Exhibit No.   Description

 
5.1
  Opinion of Akerman LLP.
EX-5.1

 

Exhibit 5.1

May 23, 2016  

IDI, Inc.
2650 North Military Trail
Suite 300
Boca Raton, Florida 33431  

Re: Common Stock registered under Registration Statement on Form S-3  

Ladies and Gentlemen:  

We have acted as counsel to IDI, Inc., a Delaware corporation (the “Company”), in connection with the Securities Purchase Agreement dated May 17, 2016 (the “Agreement”) by and between the Company and Chardan Capital Markets, LLC, and the investors signatories thereto (the “Investors”), relating to the sale by the Company to the Investors of 1,000,000 shares (the “Shares”) of the Company’s common stock, par value $0.0005 per share (the “Common Stock”).  

This opinion is being delivered in accordance with the requirements of Item 601(b)(5) of Regulation S-K under the Securities Act of 1933, as amended (the “Securities Act”).  

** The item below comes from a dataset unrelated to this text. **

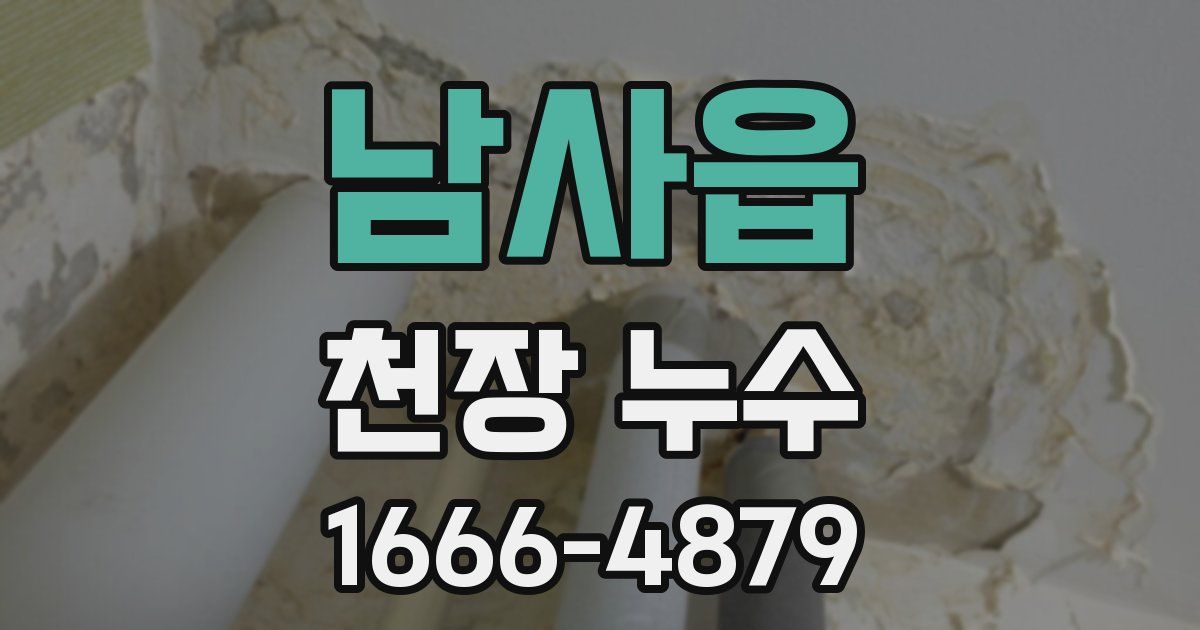 남사읍 천장 누수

In connection with this opinion, we have examined originals or copies, certified or otherwise identified to our satisfaction, of the following:

1. Certificate of Incorporation of the Company, as amended, as certified by the Delaware Secretary of State on May 19, 2016;

2. Bylaws of the Company, as amended, as certified by the Secretary of the Company on May 20, 2016;

3. The Agreement;

4. Registration Statement on Form S-3 (Registration No. 333-205614) as filed by the Company with the Securities and Exchange Commission (the “Commission”) on July 10, 2015 (as such registration statement became effective on July 21, 2015, the “Registration Statement”) pursuant to the Securities Act;

5. The prospectus supplement, dated May 17, 2016, in the form filed with the Commission on May 18, 2016 pursuant to Rule 424(b)(5) promulgated under the Securities Act (the “Prospectus Supplement”), together with the base prospectus dated July 21, 2015;

6. Draft minutes of the Board of Directors of the Company at a meeting held on May 16, 2016 approving the Agreement.

We have also examined originals or copies, certified or otherwise identified to our satisfaction, of such records of the Company and such agreements, certificates and receipts of public officials, certificates of officers or other representatives of the Company and others, and such other documents as we have deemed necessary or appropriate as a basis for the opinions stated below.  

In our examination, we have assumed the genuineness of all signatures, including endorsements, the legal capacity and competency of all natural persons, the authenticity of all documents submitted to us as originals, the conformity to original documents of all documents submitted to us as facsimile, electronic, certified or photostatic copies, and the authenticity of the originals of such copies. In making our examination of executed documents, we have assumed (i) that the parties thereto, other than the Company, had the power, corporate or other, to enter into and perform all obligations thereunder and (ii) the due authorization by all requisite action, corporate or other, and the execution and delivery by such parties of such documents, and the validity and binding effect thereof on such parties.  

The opinion expressed below is limited to the federal securities laws of the United States of America and the corporate laws of the State of Delaware and we express no opinion as to the effect on the matters covered by the laws of any other jurisdiction.  

Based upon and subject to the foregoing, we are of the opinion that when the Shares have been delivered to and paid for by the Investors as contemplated by the Agreement, the Shares will be duly authorized, validly issued, fully paid and non-assessable.  

We hereby consent to the filing of this opinion with the Commission as an exhibit to the Company’s Current Report on Form 8-K being filed on the date hereof and incorporated by reference into the Registration Statement. We also hereby consent to the reference to our firm under the caption “Legal Matters” in the Prospectus Supplement. In giving this consent, we do not thereby admit that we are within the category of persons whose consent is required under Section 7 of the Securities Act or the rules and regulations of the Commission promulgated thereunder. This opinion is expressed as of the date hereof unless otherwise expressly stated, and we disclaim any undertaking to advise you of any subsequent changes in the facts stated or assumed herein or of any subsequent changes in applicable laws.